■ What is needed ■
Once you reach the line containing "Jeans ajustados metálicos", return it and every line after it exactly, through the end of the records below, with no pictures.

■ Available data ■
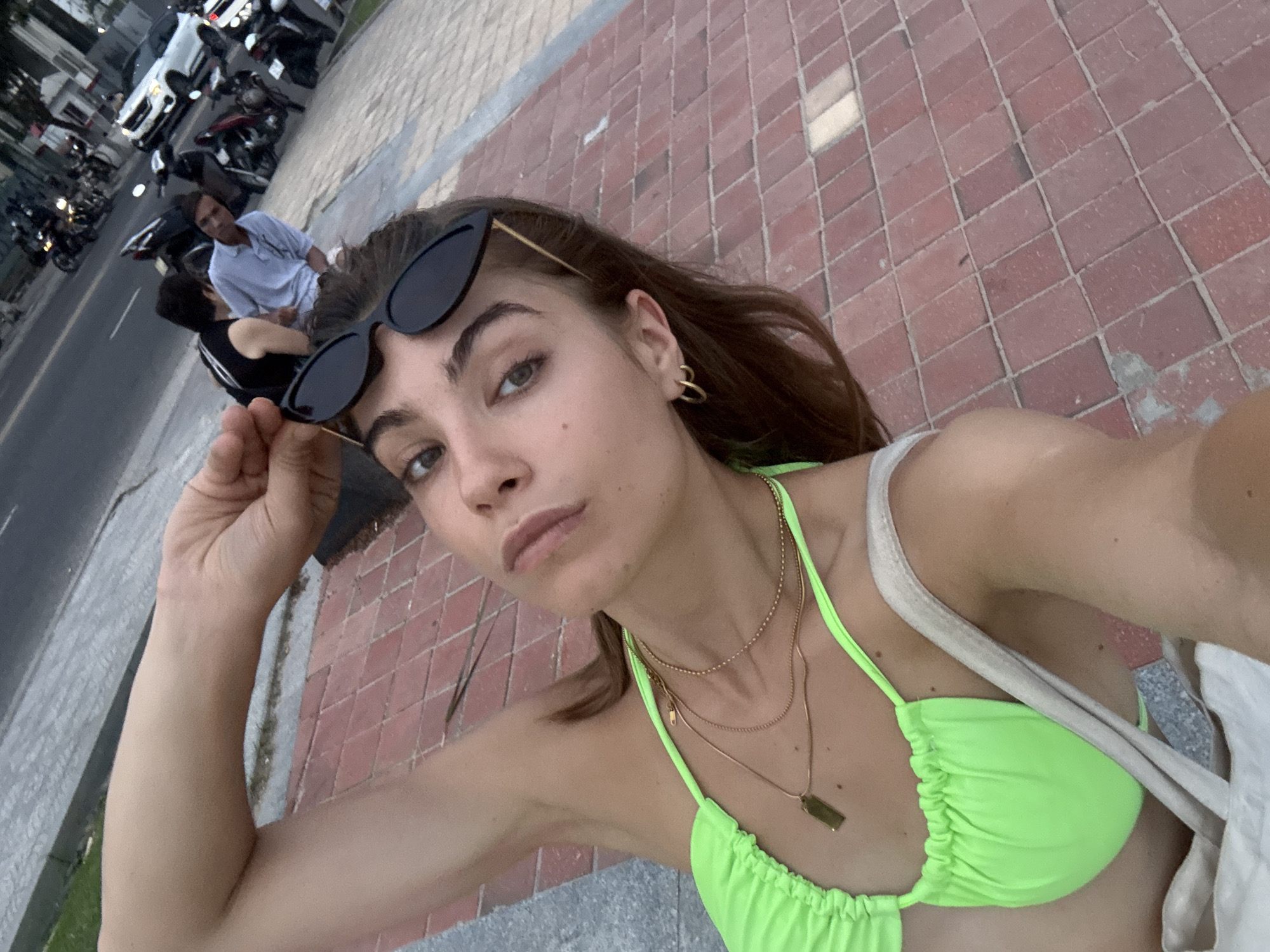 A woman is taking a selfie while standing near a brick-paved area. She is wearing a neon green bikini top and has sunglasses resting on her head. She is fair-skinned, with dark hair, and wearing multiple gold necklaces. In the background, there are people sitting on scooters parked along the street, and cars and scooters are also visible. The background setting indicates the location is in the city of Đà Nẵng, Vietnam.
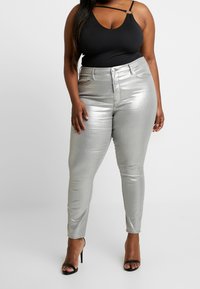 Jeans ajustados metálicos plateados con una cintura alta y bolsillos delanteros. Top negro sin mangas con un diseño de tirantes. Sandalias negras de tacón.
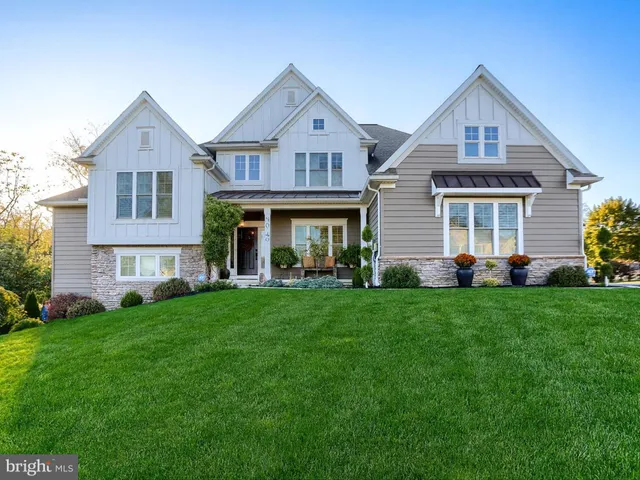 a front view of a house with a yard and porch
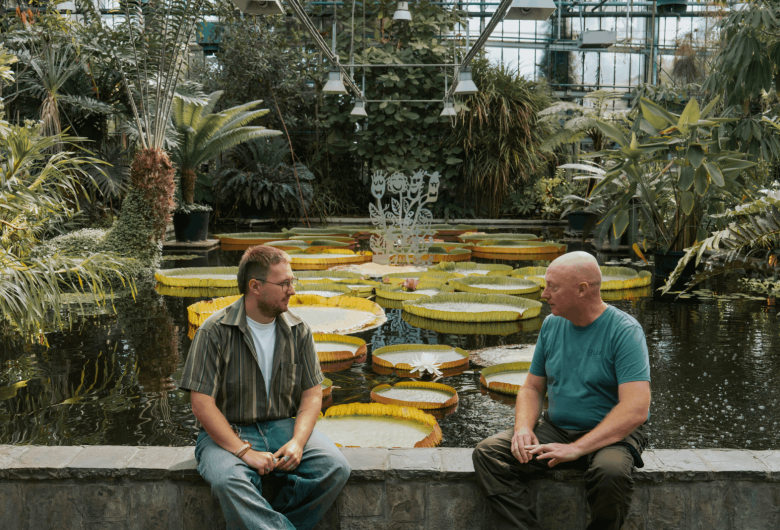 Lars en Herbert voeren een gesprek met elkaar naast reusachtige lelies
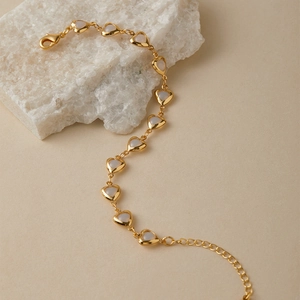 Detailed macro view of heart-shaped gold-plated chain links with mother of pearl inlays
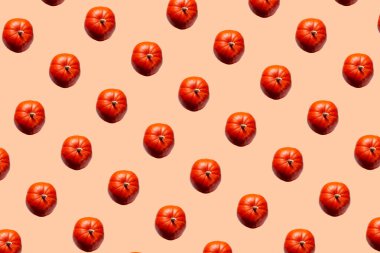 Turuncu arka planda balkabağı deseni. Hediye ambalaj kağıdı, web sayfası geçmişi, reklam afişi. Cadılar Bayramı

■ Exercise answer ■
 Jeans ajustados metálicos plateados con una cintura alta y bolsillos delanteros. Top negro sin mangas con un diseño de tirantes. Sandalias negras de tacón.
 a front view of a house with a yard and porch
 Lars en Herbert voeren een gesprek met elkaar naast reusachtige lelies
 Detailed macro view of heart-shaped gold-plated chain links with mother of pearl inlays
 Turuncu arka planda balkabağı deseni. Hediye ambalaj kağıdı, web sayfası geçmişi, reklam afişi. Cadılar Bayramı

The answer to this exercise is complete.